If your C states screenshot above is when your CPU was idle then you really need to clean things up.  When idle, CPU cores should be spending close to 99% of their time in the low power C7 state.  With only ThrottleStop open, if you are seeing a lot less than 99% when idle, you should probably find out what is running in the background on your computer and consider getting rid of it.

If EDP OTHER throttling is a problem, try increasing the FIVR - CPU Core - IccMax value.  Also try increasing the TPL - PP0 Current Limit.  I set both of these sky high so they do not interfere with performance.


----------



## frddl (Mar 28, 2020)

Thank you very much for a detailed answer.



unclewebb said:


> In ThrottleStop, I would definitely be using the FIVR - Disable and Lock Turbo Power Limits feature.

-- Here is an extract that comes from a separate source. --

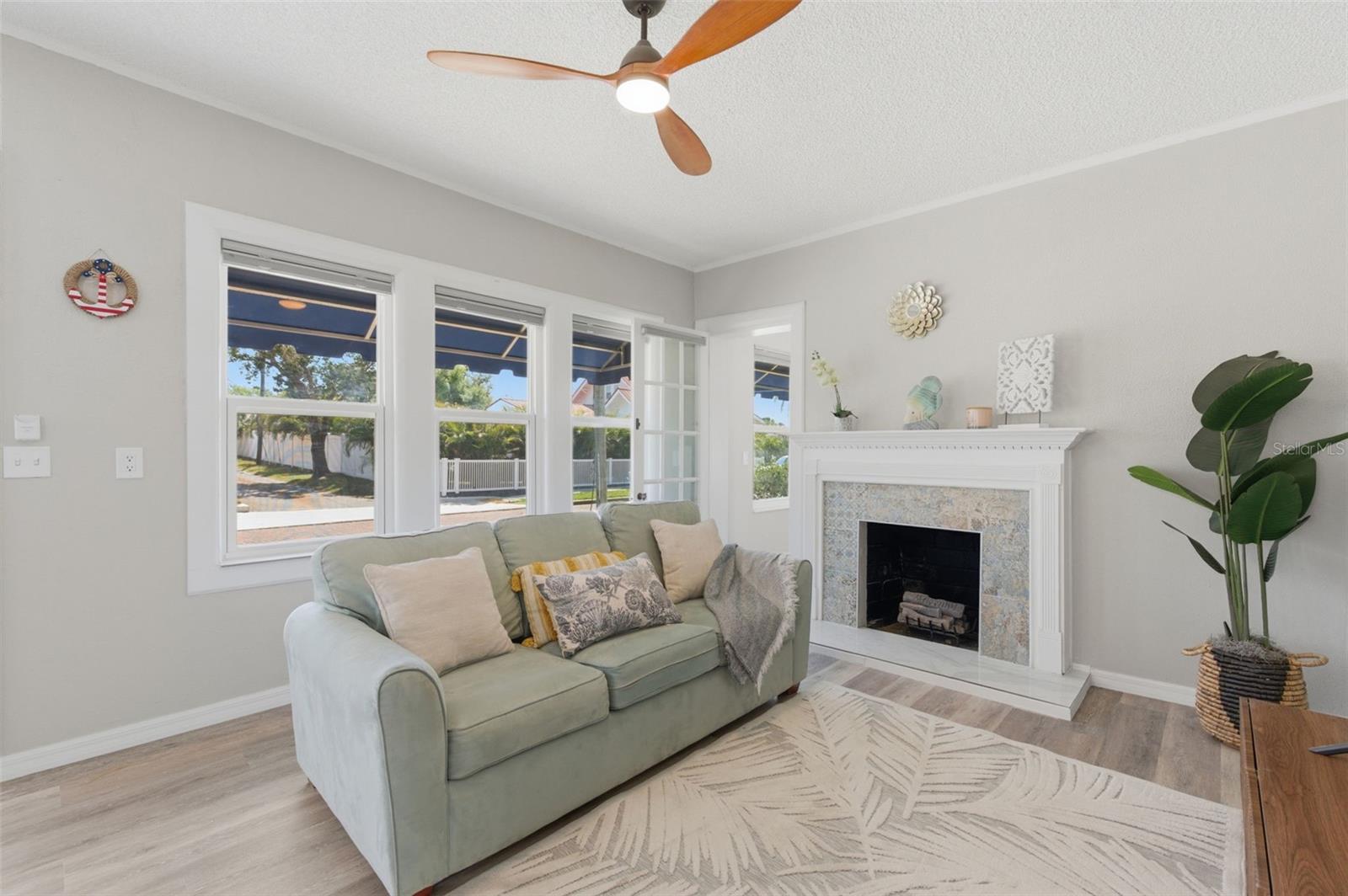 Listing photo id 67 for 410 Lemon Street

Did that. Just run the benchmark using Cinebench - maxmimal value for temperature was 74 degrees, however PROCHOT 96% got a check mark right before the benchmark test ended.



unclewebb said:


> If your C states screenshot above is when your CPU was idle then you really need to clean things up. When idle, CPU cores should be spending close to 99% of their time in the low power C7 state. With only ThrottleStop open, if you are seeing a lot less than 99% when idle, you should probably find out what is running in the background on your computer and consider getting rid of it.



I double checked that. During idle state they were indicating values from 94% to 98%.



unclewebb said:


> If EDP OTHER throttling is a problem, try increasing the FIVR - CPU Core - IccMax value. Also try increasing the TPL - PP0 Current Limit. I set both of these sky high so they do not interfere with performance.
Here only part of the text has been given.